### Data listing
· · ·

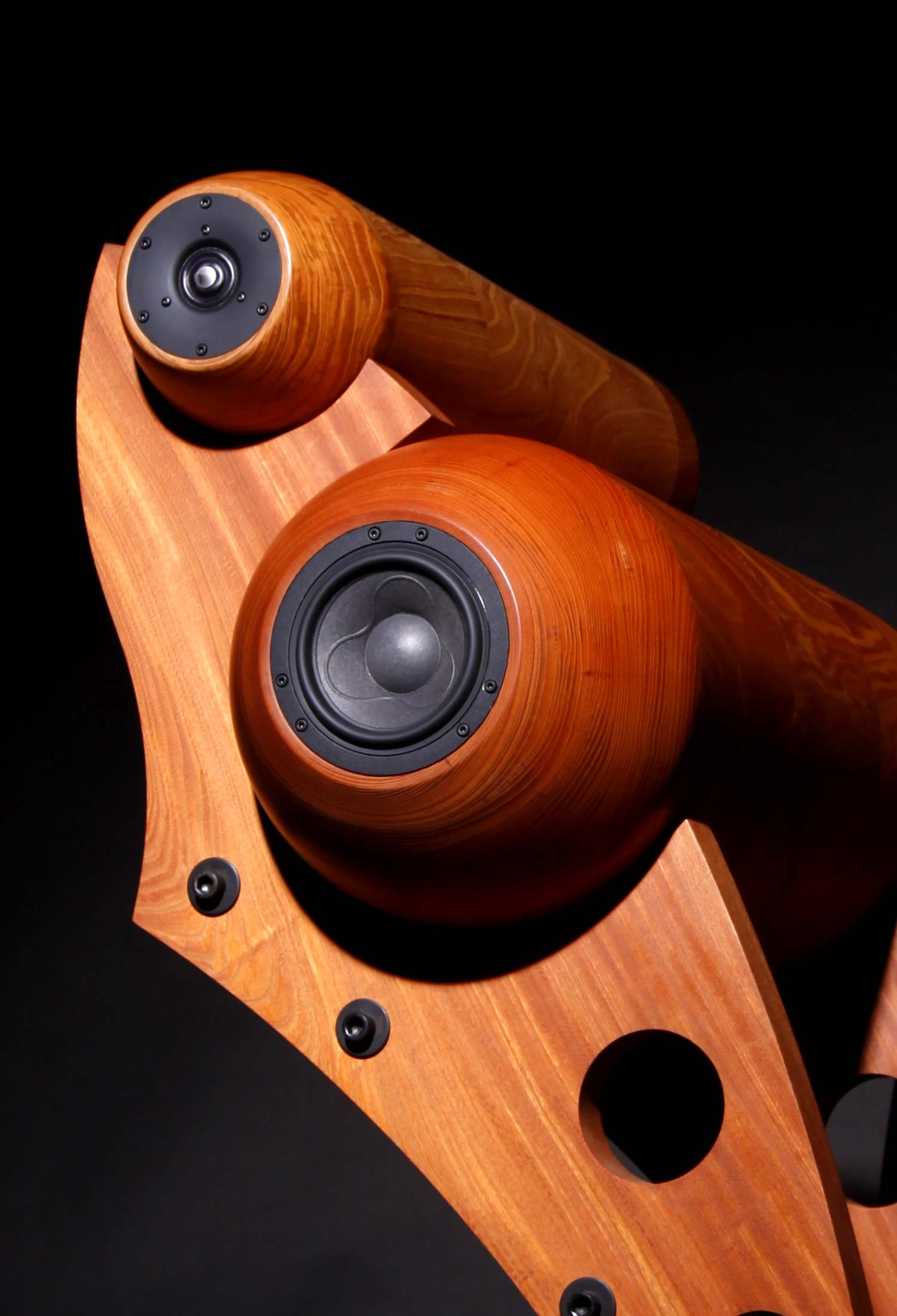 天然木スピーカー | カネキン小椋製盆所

· · ·

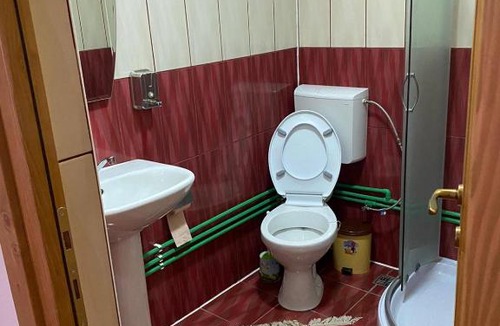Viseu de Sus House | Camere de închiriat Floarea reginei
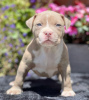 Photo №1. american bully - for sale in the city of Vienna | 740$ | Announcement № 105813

· · ·

In the entries above, find the line that contains "Viseu de Sus" and the line that contains "Photo №1. american". Reproduce exactly those two lines and every line between them, but not the pictures.

Viseu de Sus House | Camere de închiriat Floarea reginei
 Photo №1. american bully - for sale in the city of Vienna | 740$ | Announcement № 105813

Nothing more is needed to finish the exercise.